1) Your LLC doesn't have to purchase your house. You can contribute it as a business asset by deeding it to the LLC. I know that in some states this triggers a stamp tax or some other transaction cost. In Arizona, the deed recording is $15 or so + the cost of someone writing up the deed if you choose to engage someone to do that. You've contributed the asset to the LLC no different than if you capitalized it with cash.
2) See above. Your LLC doesn't have to put anything down. BUT, there will likely be a discussion of the validity of your existing mortgage as it relates to the LLC. There are two considerations: 1) due on sale clause, and 2) piercing the corporate veil. #1 has been mitigated in many cases since Fannie Mae allows their the property securing their loans to be transferred into a Single-Member LLC. You may or may not have a Fannie Mae loan, and your original lender may or may not permit this to happen without triggering the due on sale clause. But Fannie Mae's decision makes it a more widely-accepted practice. Check your own situation to the extent that it gives you comfort. #2 generates a lot of discussion. I've yet to see someone cite a case in which the corporate veil of an LLC has been pierced solely because the mortgage was originally written to the person and not the LLC, but theoretically it's possible. Running your operation like a true arm's-length business with it's own accounts and accounting procedures, not co-mingling funds, taking proper draws when you need funds to pay personal expenses (as opposed to writing a check from the business account), all strengthen the separation between you and your LLC. As for the mortgage, I can't provide any cases where this has been argued, but I argue that many of my non-real estate business debts (credit cards, lines of credit with personal guarantees, etc) are as much based on my personal credit and are personal liabilities as the mortgage that was also secured personally...and is now deemed permissible by Fannie Mae. That's my view and the view of the counsel I've sought. You need to seek your own.

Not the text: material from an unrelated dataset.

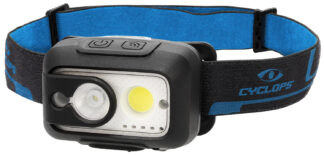 Cyclops EclipseElite CYC-ECLIPSE Flashlight, 520 Lumens, Cree LED, White/Red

3) Not sure exactly what you are trying to do (pull the 229?), but if you need cash, you might consider securing a line of credit on the house while it's still your primary residence. That will be a LOT easier than after it's become non-owner occupied, and especially if it's non-owner occupied in an LLC. It seems to me that the lender's recourse if they don't like your having converted it to a rental after closing the LOC, is to pull the line. Oh well. You might be charged an early-closure fee, but that's all. My feeling is that they'll do nothing and not care so long as the line is being paid. But you have to decide what you want to do.
4) The answer to #2 was no, so this is moot.
Again, that's all perspective from my experiences in Arizona. LLCs are are state law entities, and courts in each state may handle them differently. As always, check with local counsel for important questions.
Good luck!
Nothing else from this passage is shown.